It's disingenuous to call North Dakota beer the next big thing. Its scene comprises only 17 of the 6,000+ breweries in the US. But given the tenacity of the brewers, the projected growth of the industry, and across-the-board quality of the beer flowing forth in the state, North Dakota might be the best domestic beer scene we're all sleeping on. As the rest of the country debates whether the craft bubble is bursting, North Dakota's just getting started.  

Experiencing it firsthand might be the key to understanding North Dakota as a whole: the gorgeous landscapes, the excellent food, and the genuinely good people all improve with excellent beer, made with local ingredients that can be traced back to the very malt that forms their foundation. 

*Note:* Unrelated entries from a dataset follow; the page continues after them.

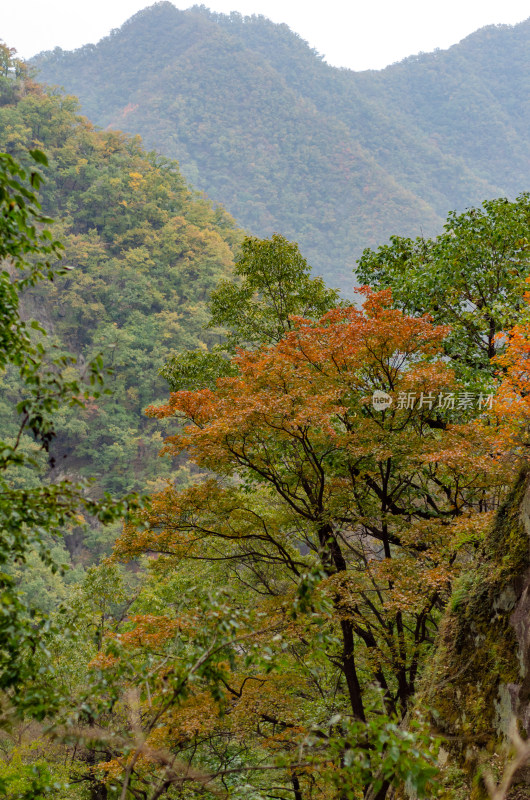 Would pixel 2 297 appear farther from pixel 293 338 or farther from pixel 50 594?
pixel 50 594

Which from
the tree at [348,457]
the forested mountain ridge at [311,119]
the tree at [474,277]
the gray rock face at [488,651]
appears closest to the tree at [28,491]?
the gray rock face at [488,651]

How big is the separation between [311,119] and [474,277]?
103892 millimetres

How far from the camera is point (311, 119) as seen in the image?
103 metres

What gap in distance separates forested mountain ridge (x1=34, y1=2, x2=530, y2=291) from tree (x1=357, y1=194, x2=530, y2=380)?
217 feet

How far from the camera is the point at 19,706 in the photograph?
284cm

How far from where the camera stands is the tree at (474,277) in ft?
32.5

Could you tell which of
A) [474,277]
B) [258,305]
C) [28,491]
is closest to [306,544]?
[258,305]

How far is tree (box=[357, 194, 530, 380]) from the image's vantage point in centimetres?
990

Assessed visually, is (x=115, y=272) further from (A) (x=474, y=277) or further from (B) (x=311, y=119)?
(B) (x=311, y=119)

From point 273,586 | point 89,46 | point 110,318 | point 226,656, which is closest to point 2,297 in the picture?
point 226,656

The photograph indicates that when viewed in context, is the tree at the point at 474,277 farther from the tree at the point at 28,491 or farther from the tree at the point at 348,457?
the tree at the point at 28,491

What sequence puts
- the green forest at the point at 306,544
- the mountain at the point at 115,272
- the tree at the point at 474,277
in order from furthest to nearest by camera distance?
the mountain at the point at 115,272
the tree at the point at 474,277
the green forest at the point at 306,544

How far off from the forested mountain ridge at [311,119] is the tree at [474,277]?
66.2m

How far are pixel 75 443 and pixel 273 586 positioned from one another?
94.1 ft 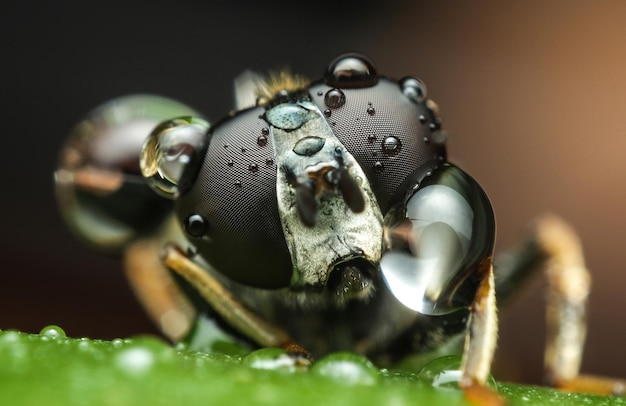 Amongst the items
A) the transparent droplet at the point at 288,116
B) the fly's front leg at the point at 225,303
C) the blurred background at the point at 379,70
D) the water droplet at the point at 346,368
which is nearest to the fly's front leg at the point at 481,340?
the water droplet at the point at 346,368

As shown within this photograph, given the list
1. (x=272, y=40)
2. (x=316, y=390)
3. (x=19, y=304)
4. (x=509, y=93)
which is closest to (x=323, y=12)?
(x=272, y=40)

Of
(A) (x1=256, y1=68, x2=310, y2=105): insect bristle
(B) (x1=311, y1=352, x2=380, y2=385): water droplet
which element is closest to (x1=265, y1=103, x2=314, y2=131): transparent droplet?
(A) (x1=256, y1=68, x2=310, y2=105): insect bristle

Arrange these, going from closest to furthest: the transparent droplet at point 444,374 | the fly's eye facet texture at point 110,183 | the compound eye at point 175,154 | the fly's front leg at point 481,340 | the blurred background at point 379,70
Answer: the fly's front leg at point 481,340
the transparent droplet at point 444,374
the compound eye at point 175,154
the fly's eye facet texture at point 110,183
the blurred background at point 379,70

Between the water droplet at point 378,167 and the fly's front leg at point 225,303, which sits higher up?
the water droplet at point 378,167

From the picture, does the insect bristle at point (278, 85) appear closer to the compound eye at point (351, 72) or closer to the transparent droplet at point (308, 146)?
the compound eye at point (351, 72)

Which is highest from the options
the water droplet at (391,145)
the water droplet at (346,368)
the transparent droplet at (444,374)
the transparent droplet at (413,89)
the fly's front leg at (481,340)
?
the transparent droplet at (413,89)

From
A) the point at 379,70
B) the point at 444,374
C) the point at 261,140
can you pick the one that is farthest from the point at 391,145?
the point at 379,70

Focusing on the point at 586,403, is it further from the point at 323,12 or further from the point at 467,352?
the point at 323,12

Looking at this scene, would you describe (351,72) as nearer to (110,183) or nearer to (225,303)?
(225,303)

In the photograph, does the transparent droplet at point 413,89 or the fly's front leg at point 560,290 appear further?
the fly's front leg at point 560,290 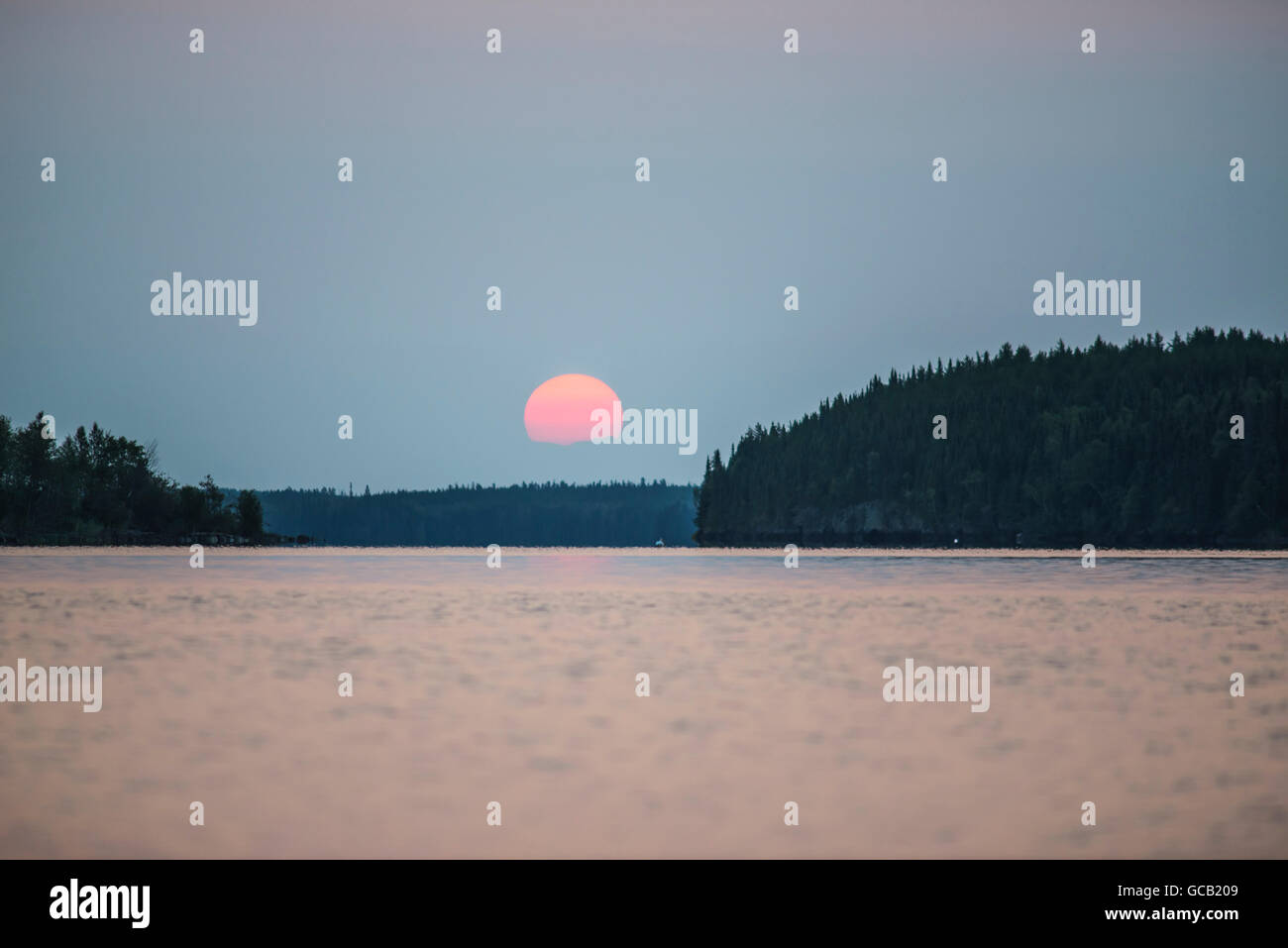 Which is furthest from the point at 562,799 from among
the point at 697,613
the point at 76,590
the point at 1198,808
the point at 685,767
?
the point at 76,590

And to the naysayers who think North Dakota's all wood chippers, frozen farmland, and roadside dinosaurs? 

"I'm done trying to convert people into believing that Fargo's awesome,” said Bjornstad. “If you come here, you're going to figure it out. This is a place for the people that want it. We're having a blast."

Thinking about making the trip? Find an amazing Airbnb near Fargo, ND.

Editor's note: Like the rest of the world, North Dakota's breweries are currently affected by the Covid-19 pandemic. Many local breweries are offering to-go six packs and growlers at their taprooms and via delivery. In the meantime, for a closer look inside Fargo's brewery scene, take virtual tour of local breweries.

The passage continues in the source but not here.